Yang membaca jangan
menangis ya? Saya suka postingan ini, meski sudah berulang kali membacanya.
Di sebuah rumah sederhana
yang asri, tinggal sepasang suami isteri yang sudah memasuki usia senja.
Pasangan ini dikurniakan,
dua orang anak yang telah dewasa dan memiliki kehidupan sendiri yang mantap.
Sang suami merupakan
seorang pesara, sedangkan isterinya seorang ibu rumah tangga.

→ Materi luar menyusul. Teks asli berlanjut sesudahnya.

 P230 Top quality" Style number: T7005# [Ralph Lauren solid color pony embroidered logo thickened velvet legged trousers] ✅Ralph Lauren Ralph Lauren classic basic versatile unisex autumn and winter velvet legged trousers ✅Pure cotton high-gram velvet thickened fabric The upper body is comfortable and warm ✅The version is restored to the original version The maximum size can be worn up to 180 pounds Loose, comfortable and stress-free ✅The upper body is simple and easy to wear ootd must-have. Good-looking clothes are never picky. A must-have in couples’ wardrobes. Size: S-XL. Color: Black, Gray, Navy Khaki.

Suami isteri ini lebih memilih untuk tetap tinggal di rumah, mereka menolak
ketika putera-puteri mereka, menawarkan untuk ikut pindah bersama mereka.
Jadilah mereka, sepasang
suami isteri yang hampir memasuki alam senja itu, menghabiskan waktu mereka
yang tersisa, di rumah yang telah menjadi saksi berjuta peristiwa, dalam
keluarga mereka.
Suatu senja sebelum
memasuki waktu Isyak, di sebuah masjid tak jauh dari rumah mereka, sang isteri
tidak menemukan selipar yang dikenakannya ke masjid tadi.
Saat sibuk mencari,
suaminya datang menghampiri seraya bertanya mesra:
“Kenapa Bu?”
Isterinya menoleh sambil
menjawab: “Selipar Ibu entah ke mana, Pak.”
“Ya sudah pakai ini saja.”
kata suaminya, sambil menyodorkan selipar yang dipakainya.
Walau agak ragu, sang isteri tetap memakai selipar itu, dengan berat hati.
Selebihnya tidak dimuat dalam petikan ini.